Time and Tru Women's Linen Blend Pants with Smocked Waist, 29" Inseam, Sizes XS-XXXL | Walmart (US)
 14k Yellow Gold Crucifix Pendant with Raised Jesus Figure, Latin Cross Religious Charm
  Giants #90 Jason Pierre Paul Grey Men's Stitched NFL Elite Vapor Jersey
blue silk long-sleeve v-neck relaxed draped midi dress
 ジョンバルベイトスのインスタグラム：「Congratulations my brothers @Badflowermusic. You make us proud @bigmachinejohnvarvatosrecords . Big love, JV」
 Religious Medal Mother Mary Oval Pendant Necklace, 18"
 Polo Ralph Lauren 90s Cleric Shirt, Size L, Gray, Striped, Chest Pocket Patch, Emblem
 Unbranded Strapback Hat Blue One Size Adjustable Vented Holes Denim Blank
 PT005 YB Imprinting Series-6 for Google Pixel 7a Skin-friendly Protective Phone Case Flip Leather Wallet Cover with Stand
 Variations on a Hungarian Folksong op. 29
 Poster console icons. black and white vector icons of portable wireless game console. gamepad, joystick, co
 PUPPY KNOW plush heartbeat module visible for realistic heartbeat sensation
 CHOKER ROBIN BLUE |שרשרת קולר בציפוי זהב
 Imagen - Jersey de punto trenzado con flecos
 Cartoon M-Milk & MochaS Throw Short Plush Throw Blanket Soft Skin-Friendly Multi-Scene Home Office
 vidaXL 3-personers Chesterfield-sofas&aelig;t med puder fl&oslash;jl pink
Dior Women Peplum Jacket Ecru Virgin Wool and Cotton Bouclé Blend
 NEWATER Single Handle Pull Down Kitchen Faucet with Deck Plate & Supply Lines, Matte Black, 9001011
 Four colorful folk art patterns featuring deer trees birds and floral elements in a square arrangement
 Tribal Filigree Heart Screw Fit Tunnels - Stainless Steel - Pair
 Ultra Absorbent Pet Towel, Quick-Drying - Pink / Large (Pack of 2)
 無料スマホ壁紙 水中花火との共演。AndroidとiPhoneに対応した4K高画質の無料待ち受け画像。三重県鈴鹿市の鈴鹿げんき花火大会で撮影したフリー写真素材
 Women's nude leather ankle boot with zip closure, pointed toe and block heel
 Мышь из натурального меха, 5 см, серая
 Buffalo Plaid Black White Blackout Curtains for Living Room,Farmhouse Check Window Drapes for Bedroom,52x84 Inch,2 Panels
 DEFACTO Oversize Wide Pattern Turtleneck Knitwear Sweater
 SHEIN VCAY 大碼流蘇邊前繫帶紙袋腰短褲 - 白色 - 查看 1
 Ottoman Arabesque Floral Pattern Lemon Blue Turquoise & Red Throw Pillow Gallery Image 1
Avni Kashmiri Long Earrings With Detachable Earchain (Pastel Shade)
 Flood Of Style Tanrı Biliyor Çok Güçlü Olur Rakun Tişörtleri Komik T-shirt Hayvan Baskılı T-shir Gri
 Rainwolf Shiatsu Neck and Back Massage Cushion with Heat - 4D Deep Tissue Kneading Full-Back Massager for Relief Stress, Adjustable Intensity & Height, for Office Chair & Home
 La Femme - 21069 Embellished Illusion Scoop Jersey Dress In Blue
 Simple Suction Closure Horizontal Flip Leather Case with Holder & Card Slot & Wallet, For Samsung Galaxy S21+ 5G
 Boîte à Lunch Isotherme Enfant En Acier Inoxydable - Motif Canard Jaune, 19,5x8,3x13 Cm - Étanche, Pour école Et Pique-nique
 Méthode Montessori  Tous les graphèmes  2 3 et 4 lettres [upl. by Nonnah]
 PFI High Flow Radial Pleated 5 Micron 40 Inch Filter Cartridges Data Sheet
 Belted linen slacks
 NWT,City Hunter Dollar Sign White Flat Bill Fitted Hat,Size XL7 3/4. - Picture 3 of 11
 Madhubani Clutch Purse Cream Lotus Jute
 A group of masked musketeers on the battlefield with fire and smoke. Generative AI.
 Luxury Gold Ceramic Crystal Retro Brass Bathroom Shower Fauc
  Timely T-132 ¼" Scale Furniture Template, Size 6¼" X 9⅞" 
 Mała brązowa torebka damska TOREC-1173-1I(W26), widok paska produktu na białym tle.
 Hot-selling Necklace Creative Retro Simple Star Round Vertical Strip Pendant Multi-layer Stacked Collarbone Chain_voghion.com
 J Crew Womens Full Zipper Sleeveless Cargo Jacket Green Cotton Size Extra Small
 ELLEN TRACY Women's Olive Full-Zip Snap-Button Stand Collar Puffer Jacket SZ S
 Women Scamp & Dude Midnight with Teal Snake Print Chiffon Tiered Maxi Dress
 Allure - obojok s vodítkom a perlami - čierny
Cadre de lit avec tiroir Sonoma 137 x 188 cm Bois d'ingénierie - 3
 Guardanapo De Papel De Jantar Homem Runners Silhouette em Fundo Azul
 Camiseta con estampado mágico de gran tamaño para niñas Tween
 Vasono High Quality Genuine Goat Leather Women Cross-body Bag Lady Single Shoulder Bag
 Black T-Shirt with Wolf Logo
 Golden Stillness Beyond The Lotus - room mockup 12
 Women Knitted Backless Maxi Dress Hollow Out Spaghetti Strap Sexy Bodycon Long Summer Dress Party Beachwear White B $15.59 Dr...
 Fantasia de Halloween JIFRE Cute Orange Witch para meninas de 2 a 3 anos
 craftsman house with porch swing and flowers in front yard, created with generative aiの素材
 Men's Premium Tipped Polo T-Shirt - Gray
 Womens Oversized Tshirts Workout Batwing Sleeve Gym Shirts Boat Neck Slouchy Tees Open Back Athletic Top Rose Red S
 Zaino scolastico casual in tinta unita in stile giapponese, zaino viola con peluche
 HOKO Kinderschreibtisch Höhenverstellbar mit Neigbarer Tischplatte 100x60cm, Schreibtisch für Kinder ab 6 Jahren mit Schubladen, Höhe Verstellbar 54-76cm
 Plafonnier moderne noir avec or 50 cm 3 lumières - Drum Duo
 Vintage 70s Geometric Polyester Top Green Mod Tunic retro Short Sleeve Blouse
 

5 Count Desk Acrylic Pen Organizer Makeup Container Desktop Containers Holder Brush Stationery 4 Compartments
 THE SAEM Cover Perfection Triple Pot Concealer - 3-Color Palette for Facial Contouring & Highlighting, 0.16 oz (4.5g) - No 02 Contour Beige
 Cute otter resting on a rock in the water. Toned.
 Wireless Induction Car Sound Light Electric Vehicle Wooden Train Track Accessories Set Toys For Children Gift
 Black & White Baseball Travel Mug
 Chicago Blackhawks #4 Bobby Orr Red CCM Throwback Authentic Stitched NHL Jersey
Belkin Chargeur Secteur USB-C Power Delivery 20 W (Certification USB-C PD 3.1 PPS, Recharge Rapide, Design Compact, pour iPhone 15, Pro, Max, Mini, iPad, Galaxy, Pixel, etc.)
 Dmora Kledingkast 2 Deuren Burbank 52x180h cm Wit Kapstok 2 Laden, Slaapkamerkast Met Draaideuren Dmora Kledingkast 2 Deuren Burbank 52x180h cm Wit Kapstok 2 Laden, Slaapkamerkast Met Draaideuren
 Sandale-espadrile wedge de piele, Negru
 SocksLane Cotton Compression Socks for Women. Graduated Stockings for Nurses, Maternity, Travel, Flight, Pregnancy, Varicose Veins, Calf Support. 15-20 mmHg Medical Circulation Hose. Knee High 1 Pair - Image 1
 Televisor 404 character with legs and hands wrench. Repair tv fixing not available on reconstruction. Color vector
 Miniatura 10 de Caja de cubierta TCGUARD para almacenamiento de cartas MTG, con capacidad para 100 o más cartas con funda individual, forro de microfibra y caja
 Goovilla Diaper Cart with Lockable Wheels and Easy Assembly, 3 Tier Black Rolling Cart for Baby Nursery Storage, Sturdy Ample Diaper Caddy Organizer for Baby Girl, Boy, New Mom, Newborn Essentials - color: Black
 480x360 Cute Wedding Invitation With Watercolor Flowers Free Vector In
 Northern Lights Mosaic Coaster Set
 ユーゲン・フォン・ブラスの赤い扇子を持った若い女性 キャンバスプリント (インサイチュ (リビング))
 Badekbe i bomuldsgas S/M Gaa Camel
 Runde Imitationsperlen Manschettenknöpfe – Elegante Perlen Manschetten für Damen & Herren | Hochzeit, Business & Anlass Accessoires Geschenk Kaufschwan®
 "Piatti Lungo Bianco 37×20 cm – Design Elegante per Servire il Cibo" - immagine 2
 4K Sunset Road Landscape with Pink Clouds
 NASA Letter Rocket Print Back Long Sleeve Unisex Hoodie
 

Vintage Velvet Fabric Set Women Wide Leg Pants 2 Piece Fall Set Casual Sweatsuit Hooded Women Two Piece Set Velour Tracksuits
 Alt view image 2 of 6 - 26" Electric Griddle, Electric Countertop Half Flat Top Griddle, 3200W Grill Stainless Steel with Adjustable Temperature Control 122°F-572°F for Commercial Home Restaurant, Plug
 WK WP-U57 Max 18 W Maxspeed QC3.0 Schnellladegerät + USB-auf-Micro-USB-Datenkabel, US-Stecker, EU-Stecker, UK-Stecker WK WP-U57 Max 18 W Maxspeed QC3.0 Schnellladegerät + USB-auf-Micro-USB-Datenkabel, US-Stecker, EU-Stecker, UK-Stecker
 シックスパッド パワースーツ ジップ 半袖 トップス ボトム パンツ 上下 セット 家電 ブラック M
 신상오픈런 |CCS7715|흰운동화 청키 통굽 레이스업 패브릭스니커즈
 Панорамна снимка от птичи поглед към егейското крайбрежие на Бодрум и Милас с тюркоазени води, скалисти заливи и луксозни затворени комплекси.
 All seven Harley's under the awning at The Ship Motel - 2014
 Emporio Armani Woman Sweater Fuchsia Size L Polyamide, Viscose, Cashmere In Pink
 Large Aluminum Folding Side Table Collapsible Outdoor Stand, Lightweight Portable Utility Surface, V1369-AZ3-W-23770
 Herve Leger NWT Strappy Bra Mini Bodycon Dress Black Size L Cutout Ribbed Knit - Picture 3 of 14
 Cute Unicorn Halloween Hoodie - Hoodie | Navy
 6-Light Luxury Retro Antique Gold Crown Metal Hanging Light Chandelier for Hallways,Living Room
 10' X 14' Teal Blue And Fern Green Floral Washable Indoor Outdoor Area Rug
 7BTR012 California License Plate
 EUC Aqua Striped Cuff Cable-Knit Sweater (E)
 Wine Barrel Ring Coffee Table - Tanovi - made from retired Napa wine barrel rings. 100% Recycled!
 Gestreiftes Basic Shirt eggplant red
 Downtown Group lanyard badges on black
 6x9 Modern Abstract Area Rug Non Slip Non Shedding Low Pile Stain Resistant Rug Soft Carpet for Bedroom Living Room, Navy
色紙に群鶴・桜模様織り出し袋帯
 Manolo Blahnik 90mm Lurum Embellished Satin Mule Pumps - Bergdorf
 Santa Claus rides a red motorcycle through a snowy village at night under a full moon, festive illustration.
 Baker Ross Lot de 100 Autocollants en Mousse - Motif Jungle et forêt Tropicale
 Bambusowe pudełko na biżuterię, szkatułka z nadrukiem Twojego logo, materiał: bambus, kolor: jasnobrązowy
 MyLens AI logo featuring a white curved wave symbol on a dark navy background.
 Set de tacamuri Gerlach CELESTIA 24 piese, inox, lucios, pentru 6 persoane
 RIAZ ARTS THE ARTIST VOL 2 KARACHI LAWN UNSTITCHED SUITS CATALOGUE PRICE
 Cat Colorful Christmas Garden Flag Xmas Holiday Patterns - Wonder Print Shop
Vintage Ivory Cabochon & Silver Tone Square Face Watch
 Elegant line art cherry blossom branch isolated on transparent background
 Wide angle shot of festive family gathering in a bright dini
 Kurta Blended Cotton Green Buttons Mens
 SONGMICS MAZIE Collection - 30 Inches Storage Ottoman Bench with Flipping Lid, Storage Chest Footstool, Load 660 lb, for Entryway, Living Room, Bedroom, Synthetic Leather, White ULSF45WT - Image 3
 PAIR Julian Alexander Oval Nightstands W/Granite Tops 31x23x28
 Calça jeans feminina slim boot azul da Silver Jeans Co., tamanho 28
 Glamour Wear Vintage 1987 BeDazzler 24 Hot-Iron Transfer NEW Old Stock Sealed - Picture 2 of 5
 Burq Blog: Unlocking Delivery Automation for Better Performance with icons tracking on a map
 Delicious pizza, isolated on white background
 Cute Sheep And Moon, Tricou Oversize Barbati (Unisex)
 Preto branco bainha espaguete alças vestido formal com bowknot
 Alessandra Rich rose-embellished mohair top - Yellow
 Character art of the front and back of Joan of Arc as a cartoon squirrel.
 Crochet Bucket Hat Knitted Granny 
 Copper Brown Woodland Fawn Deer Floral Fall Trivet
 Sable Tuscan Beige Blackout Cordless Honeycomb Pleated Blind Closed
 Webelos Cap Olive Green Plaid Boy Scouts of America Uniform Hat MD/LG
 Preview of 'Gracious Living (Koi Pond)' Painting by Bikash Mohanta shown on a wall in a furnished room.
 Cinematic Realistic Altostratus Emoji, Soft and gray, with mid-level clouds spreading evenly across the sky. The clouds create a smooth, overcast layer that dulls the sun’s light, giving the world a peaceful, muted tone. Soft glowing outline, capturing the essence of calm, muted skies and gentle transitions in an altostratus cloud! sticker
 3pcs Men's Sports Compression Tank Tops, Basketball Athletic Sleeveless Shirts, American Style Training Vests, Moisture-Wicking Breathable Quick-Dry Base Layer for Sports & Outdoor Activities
---
Above are the records; print exactly the lines from the line with "ELLEN TRACY Women's" to the line with "Fantasia de Halloween", including both, and nothing else.

 ELLEN TRACY Women's Olive Full-Zip Snap-Button Stand Collar Puffer Jacket SZ S
 Women Scamp & Dude Midnight with Teal Snake Print Chiffon Tiered Maxi Dress
 Allure - obojok s vodítkom a perlami - čierny
Cadre de lit avec tiroir Sonoma 137 x 188 cm Bois d'ingénierie - 3
 Guardanapo De Papel De Jantar Homem Runners Silhouette em Fundo Azul
 Camiseta con estampado mágico de gran tamaño para niñas Tween
 Vasono High Quality Genuine Goat Leather Women Cross-body Bag Lady Single Shoulder Bag
 Black T-Shirt with Wolf Logo
 Golden Stillness Beyond The Lotus - room mockup 12
 Women Knitted Backless Maxi Dress Hollow Out Spaghetti Strap Sexy Bodycon Long Summer Dress Party Beachwear White B $15.59 Dr...
 Fantasia de Halloween JIFRE Cute Orange Witch para meninas de 2 a 3 anos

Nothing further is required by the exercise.